Given data -

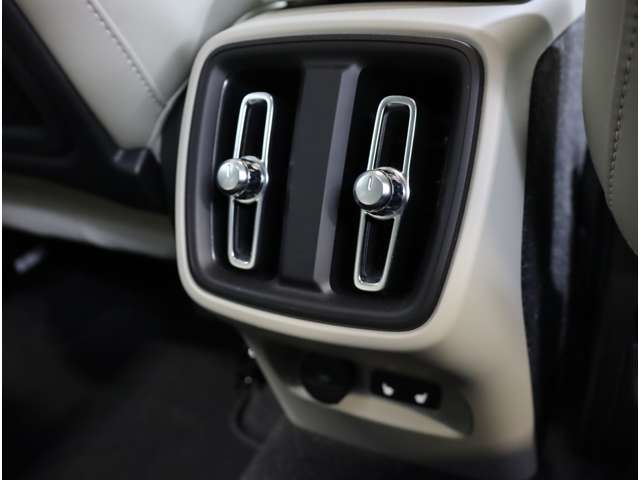 ボルボ ＸＣ４０ アルティメット Ｂ４ ＡＷＤ ４ＷＤ R4年 (近畿) 99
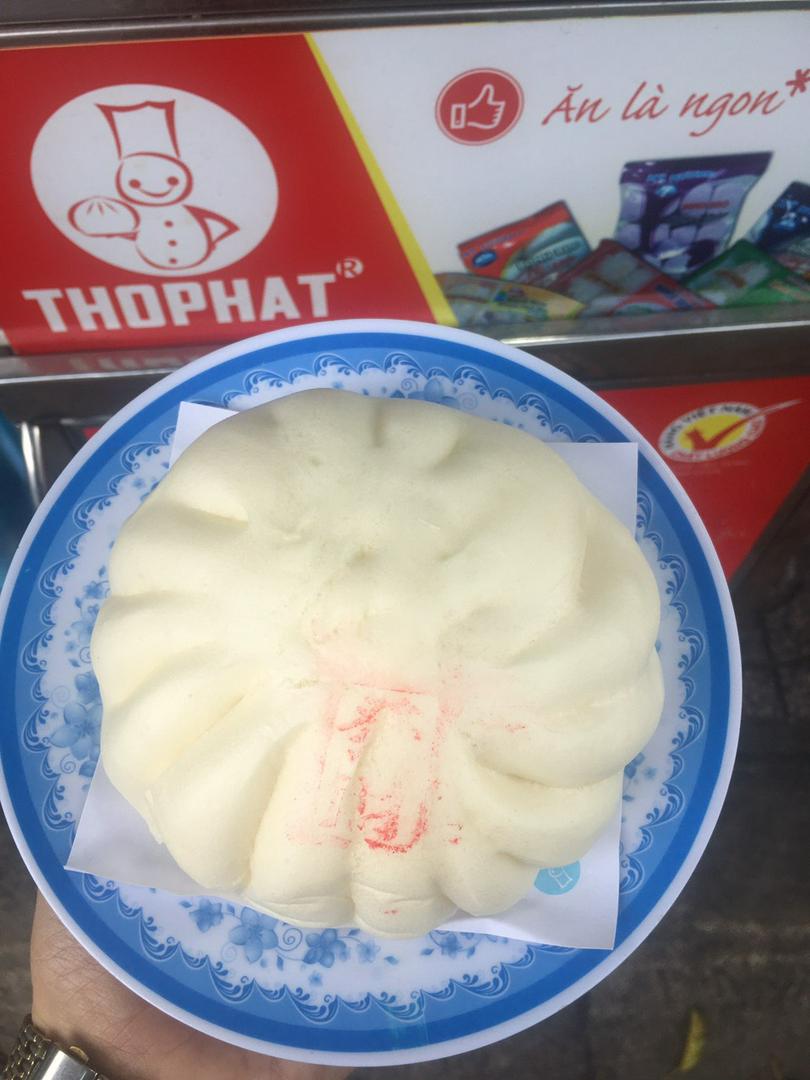 banh-bao-tho-phat-trung-cut-thit-bam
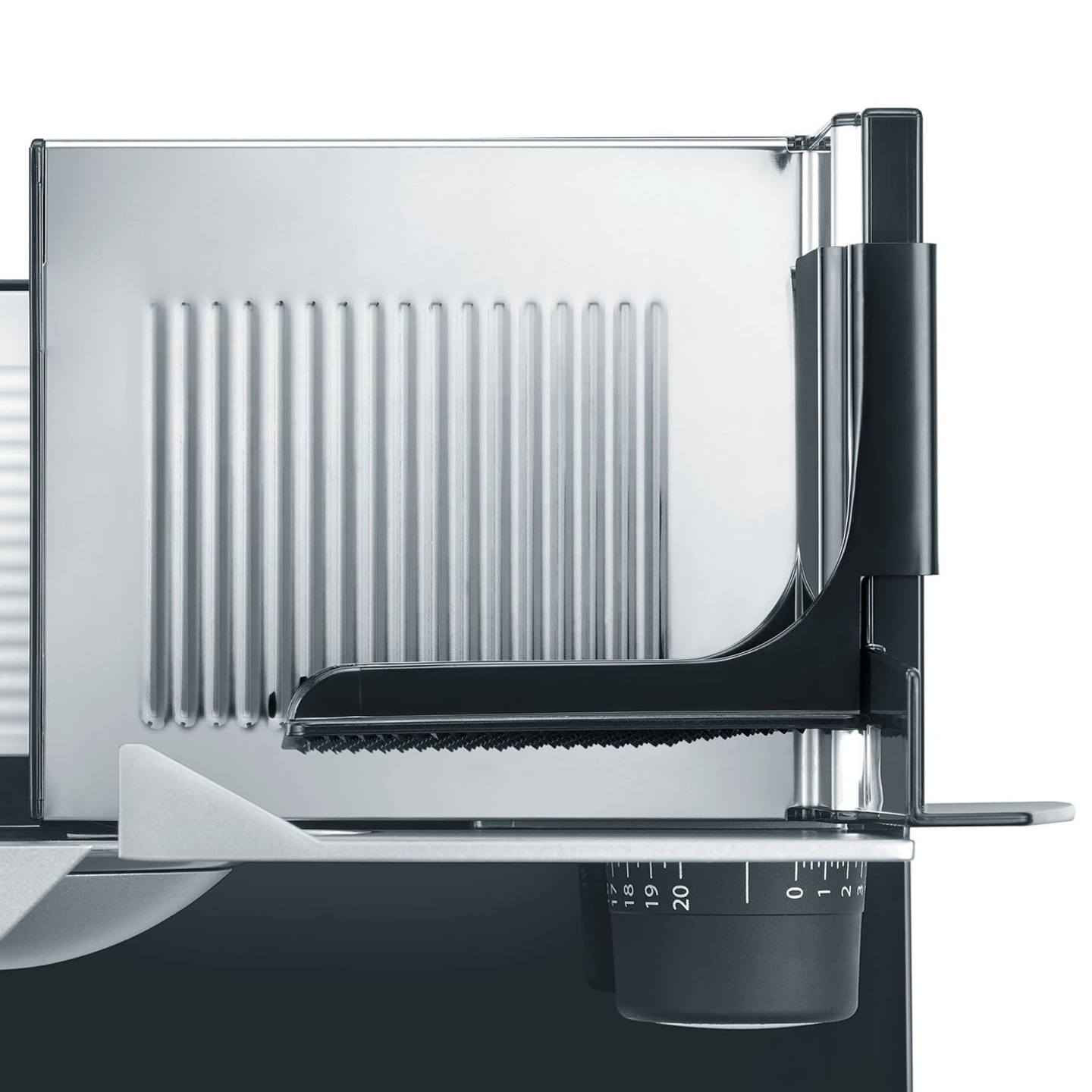 Nahaufnahme eines silbernen und schwarzen Fleischschneiders mit Skala und Klinge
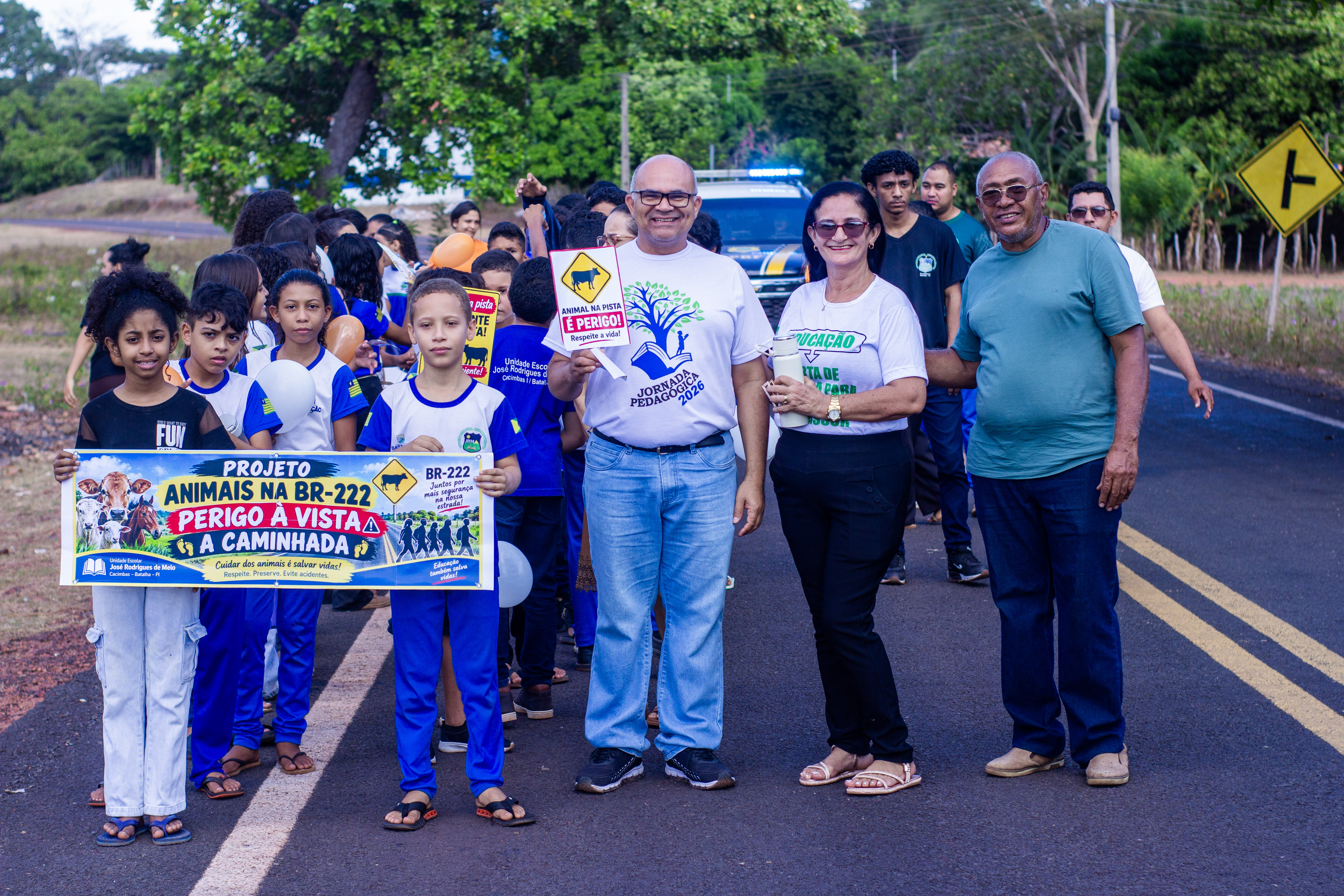 Escola de Cacimbas realiza projeto sobre riscos de animais soltos na BR-222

What is being asked -
When you output the listing, reproduce it exactly but drop its pictures.

Exercise output -
 ボルボ ＸＣ４０ アルティメット Ｂ４ ＡＷＤ ４ＷＤ R4年 (近畿) 99
 banh-bao-tho-phat-trung-cut-thit-bam
 Nahaufnahme eines silbernen und schwarzen Fleischschneiders mit Skala und Klinge
 Escola de Cacimbas realiza projeto sobre riscos de animais soltos na BR-222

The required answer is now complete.